━━━━━ INFORMATION ━━━━━

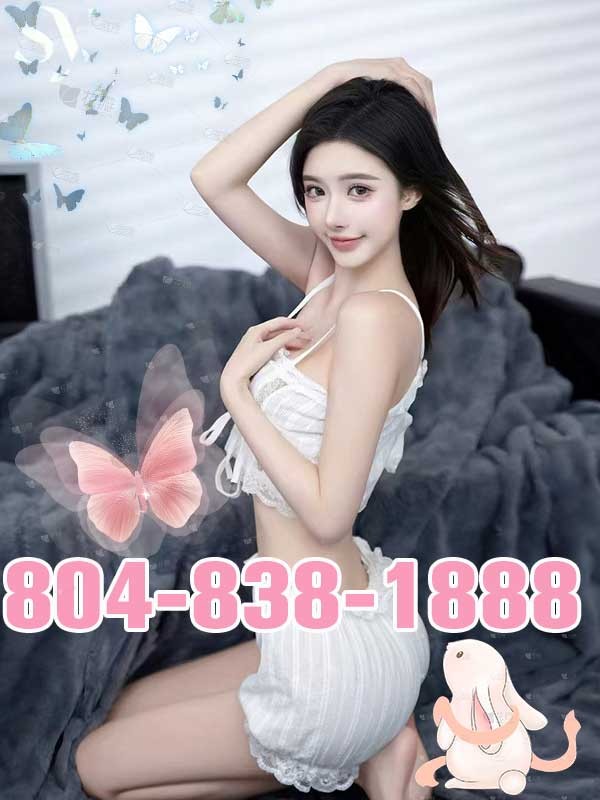  is Female Escorts. | Fredericksburg | Virginia | United States | scarletamour.com 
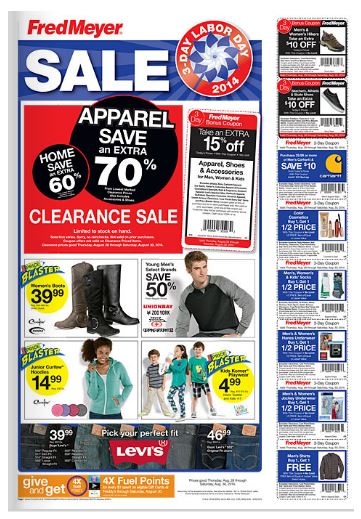 fred-meyer-labor-day-sale
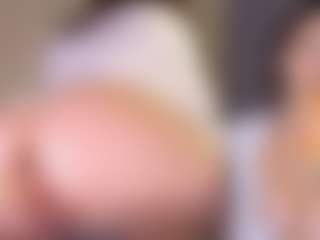 MicheleBrooks's Live Sex Cam Show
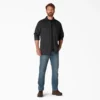 Camisas de manga larga Flex Ripstop Camisas de manga larga Flex Ripstop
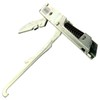 Porte De Oven Hinge x1 For Airlux Cooker - Z019362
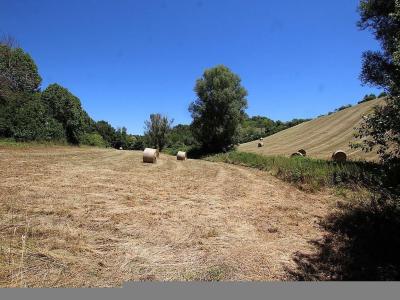 Annonce Vente 6 pices Maison  09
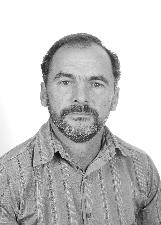 Foto de JAIR LINDOLFO VIEIRA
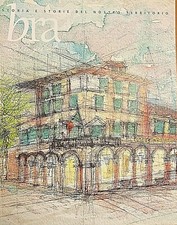 Storia e storie del nostro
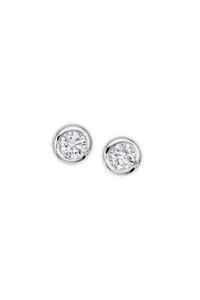 Darling Earring 0.5 ct.
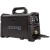 Spawarka MIG/MAG Easy MIG 210 LED Spartus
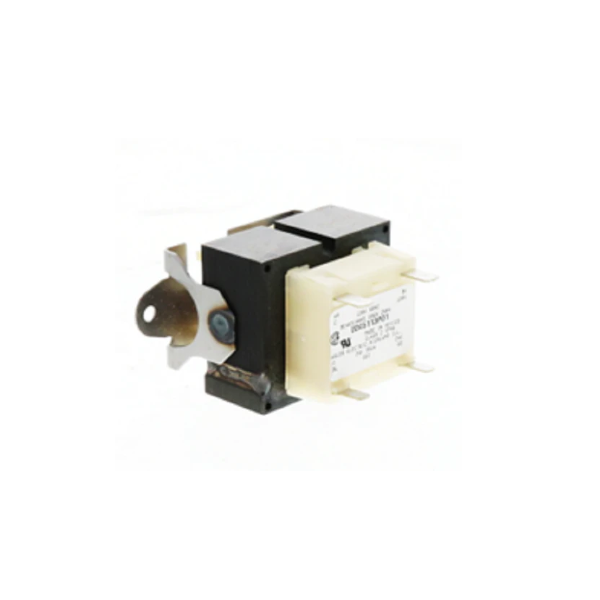TRANE TRR2736 TRANSFORMERS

━━━━━

**EXERCISE OBJECTIVE:** An exact copy is needed of the lines running from the one with "fred-meyer-labor-day-sale" through the end of the data above, and of those lines only, without pictures.

**RESPONSE TO THE EXERCISE:**
 fred-meyer-labor-day-sale
 MicheleBrooks's Live Sex Cam Show
 Camisas de manga larga Flex Ripstop Camisas de manga larga Flex Ripstop
 Porte De Oven Hinge x1 For Airlux Cooker - Z019362
 Annonce Vente 6 pices Maison  09
 Foto de JAIR LINDOLFO VIEIRA
 Storia e storie del nostro
 Darling Earring 0.5 ct.
 Spawarka MIG/MAG Easy MIG 210 LED Spartus
TRANE TRR2736 TRANSFORMERS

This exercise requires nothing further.